• **WHAT THE TASK ASKS**
Where the listing below reaches the line containing "Flame Dragonfly 41cm", start writing out lines exactly, and stop once the line containing "Hot Sale 4 Flutes" has been written.

• **DATA EXTRACT**

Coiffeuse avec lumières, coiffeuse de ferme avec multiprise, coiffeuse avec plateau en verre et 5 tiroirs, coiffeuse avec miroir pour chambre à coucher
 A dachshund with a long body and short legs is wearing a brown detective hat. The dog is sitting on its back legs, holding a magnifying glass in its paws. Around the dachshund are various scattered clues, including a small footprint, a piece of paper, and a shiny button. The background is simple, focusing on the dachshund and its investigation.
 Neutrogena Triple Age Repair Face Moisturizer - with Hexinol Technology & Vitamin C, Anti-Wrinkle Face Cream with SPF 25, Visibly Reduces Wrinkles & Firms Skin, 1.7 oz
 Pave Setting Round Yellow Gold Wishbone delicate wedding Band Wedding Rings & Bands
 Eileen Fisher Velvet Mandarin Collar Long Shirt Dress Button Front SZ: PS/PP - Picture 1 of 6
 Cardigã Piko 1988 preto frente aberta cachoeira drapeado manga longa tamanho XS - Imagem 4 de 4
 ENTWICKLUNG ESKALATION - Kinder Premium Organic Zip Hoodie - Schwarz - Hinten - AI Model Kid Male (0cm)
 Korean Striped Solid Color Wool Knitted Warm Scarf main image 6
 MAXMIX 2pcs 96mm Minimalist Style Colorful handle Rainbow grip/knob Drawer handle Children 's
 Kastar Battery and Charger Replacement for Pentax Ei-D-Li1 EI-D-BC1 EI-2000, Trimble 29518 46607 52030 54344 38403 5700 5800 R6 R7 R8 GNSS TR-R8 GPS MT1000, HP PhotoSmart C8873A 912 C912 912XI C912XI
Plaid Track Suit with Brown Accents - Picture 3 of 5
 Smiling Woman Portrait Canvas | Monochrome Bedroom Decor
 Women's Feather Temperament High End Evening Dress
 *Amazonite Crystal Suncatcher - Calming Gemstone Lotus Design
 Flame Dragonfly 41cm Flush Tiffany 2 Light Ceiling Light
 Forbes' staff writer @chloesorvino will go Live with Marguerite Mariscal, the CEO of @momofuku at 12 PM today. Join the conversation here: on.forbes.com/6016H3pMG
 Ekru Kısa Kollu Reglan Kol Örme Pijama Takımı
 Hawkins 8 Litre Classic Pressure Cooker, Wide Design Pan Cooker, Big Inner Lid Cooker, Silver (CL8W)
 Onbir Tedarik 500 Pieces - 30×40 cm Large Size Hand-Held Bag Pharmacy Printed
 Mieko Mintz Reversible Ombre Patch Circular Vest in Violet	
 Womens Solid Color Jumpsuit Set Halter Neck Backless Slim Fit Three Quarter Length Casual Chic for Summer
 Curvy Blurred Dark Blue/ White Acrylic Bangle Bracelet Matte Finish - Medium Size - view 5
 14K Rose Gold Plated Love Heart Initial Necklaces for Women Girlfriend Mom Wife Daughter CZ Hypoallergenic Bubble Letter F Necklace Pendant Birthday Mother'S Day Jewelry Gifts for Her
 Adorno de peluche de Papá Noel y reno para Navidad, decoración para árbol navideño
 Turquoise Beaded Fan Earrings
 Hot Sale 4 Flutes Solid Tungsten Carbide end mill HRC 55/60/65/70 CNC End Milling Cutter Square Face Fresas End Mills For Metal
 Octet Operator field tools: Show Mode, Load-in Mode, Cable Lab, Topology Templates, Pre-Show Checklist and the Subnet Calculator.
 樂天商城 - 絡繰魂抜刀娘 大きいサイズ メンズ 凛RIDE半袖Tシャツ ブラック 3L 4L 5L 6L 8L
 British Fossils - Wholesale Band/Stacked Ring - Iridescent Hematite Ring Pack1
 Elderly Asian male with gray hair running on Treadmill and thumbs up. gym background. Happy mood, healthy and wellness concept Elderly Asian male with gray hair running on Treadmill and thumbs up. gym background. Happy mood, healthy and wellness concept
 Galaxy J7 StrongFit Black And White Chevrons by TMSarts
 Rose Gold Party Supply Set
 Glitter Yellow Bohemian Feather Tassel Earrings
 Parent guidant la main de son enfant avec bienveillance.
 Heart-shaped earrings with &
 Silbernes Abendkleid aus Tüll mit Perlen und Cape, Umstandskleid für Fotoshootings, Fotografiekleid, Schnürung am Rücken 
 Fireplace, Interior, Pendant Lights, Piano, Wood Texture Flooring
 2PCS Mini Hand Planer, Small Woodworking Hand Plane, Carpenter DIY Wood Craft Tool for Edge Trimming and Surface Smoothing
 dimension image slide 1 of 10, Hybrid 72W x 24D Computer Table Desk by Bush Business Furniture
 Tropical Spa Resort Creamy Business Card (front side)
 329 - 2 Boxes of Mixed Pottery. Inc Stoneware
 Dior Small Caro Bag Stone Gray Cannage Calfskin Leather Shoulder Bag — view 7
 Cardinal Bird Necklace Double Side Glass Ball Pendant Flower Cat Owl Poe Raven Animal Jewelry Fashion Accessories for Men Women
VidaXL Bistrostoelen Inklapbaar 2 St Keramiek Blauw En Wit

• **TASK SOLUTION**
 Flame Dragonfly 41cm Flush Tiffany 2 Light Ceiling Light
 Forbes' staff writer @chloesorvino will go Live with Marguerite Mariscal, the CEO of @momofuku at 12 PM today. Join the conversation here: on.forbes.com/6016H3pMG
 Ekru Kısa Kollu Reglan Kol Örme Pijama Takımı
 Hawkins 8 Litre Classic Pressure Cooker, Wide Design Pan Cooker, Big Inner Lid Cooker, Silver (CL8W)
 Onbir Tedarik 500 Pieces - 30×40 cm Large Size Hand-Held Bag Pharmacy Printed
 Mieko Mintz Reversible Ombre Patch Circular Vest in Violet	
 Womens Solid Color Jumpsuit Set Halter Neck Backless Slim Fit Three Quarter Length Casual Chic for Summer
 Curvy Blurred Dark Blue/ White Acrylic Bangle Bracelet Matte Finish - Medium Size - view 5
 14K Rose Gold Plated Love Heart Initial Necklaces for Women Girlfriend Mom Wife Daughter CZ Hypoallergenic Bubble Letter F Necklace Pendant Birthday Mother'S Day Jewelry Gifts for Her
 Adorno de peluche de Papá Noel y reno para Navidad, decoración para árbol navideño
 Turquoise Beaded Fan Earrings
 Hot Sale 4 Flutes Solid Tungsten Carbide end mill HRC 55/60/65/70 CNC End Milling Cutter Square Face Fresas End Mills For Metal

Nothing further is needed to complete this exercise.